> **Data shown**:
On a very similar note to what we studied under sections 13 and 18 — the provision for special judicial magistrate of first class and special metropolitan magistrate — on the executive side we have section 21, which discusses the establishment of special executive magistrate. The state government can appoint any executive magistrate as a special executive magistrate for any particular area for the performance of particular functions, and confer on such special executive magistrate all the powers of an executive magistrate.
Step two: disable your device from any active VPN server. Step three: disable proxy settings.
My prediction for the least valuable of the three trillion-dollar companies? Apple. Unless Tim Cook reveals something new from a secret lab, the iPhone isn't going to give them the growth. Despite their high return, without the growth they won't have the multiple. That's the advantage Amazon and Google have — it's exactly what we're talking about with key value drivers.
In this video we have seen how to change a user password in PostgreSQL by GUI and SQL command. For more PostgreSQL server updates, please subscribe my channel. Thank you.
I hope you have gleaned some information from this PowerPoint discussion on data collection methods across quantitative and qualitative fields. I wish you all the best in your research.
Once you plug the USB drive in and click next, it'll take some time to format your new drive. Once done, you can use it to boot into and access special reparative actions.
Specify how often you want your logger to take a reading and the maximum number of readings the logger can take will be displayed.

---

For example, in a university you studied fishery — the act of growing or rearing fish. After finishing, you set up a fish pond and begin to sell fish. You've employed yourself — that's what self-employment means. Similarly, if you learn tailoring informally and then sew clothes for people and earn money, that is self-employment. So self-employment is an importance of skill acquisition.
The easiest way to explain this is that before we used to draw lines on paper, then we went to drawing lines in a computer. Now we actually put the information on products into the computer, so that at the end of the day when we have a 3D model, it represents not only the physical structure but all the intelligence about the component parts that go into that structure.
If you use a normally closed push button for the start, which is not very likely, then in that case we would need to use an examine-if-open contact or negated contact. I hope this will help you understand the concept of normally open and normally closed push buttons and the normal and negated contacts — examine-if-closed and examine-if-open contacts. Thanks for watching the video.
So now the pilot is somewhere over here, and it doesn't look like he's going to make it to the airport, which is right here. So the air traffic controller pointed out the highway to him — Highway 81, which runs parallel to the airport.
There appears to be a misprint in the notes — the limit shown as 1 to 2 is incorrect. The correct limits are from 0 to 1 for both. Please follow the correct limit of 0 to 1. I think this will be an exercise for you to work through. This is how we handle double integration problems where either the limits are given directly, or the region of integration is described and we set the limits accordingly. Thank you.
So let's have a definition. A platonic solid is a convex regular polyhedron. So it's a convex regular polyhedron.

---

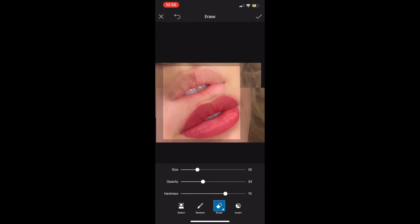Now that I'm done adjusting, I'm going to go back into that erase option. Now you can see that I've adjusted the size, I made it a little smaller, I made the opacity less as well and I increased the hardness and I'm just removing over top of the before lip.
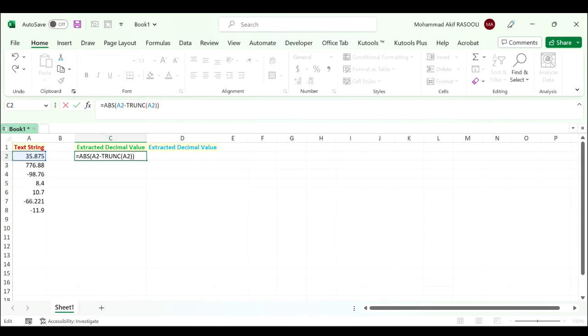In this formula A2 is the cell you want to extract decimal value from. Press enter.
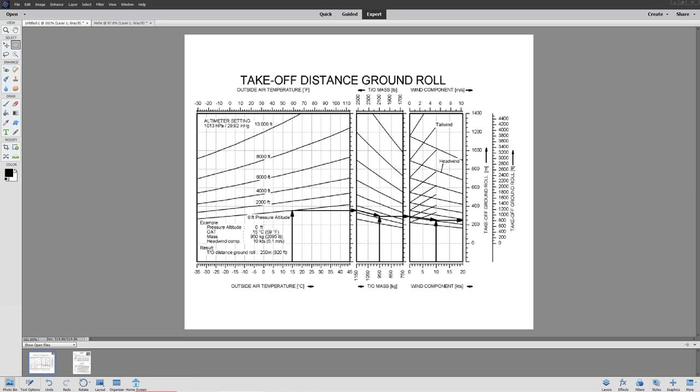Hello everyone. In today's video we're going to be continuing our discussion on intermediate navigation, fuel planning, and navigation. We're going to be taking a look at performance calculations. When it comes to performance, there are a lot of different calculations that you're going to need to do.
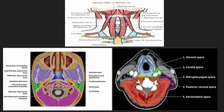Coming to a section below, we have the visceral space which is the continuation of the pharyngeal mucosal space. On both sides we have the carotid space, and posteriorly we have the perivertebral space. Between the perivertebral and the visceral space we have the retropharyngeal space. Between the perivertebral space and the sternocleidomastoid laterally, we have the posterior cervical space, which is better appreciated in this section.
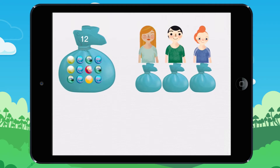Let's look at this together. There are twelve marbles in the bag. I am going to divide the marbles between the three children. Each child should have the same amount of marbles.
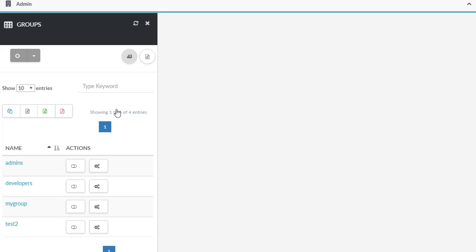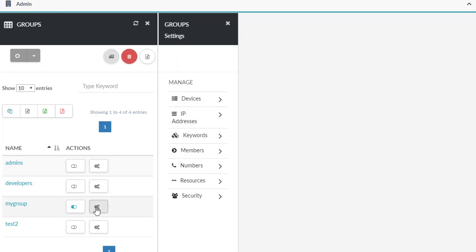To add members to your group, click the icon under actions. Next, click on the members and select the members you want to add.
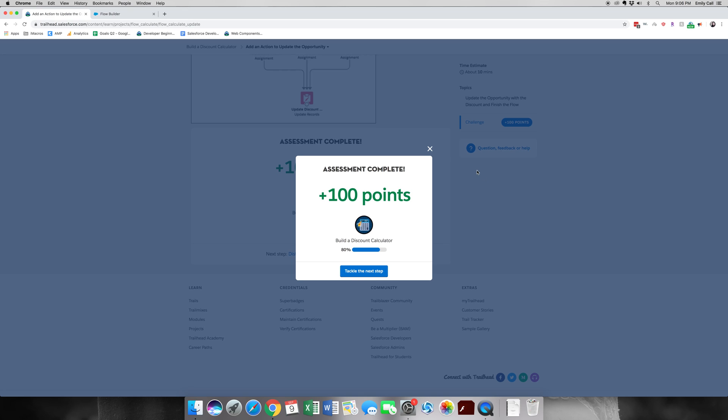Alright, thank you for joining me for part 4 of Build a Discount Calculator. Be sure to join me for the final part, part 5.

> **Exercise requirements**:
Repeat, exactly as they stand above, the lines from the line with "Once you plug" to the line with "Specify how often", both lines included.

> **Response box**:
Once you plug the USB drive in and click next, it'll take some time to format your new drive. Once done, you can use it to boot into and access special reparative actions.
Specify how often you want your logger to take a reading and the maximum number of readings the logger can take will be displayed.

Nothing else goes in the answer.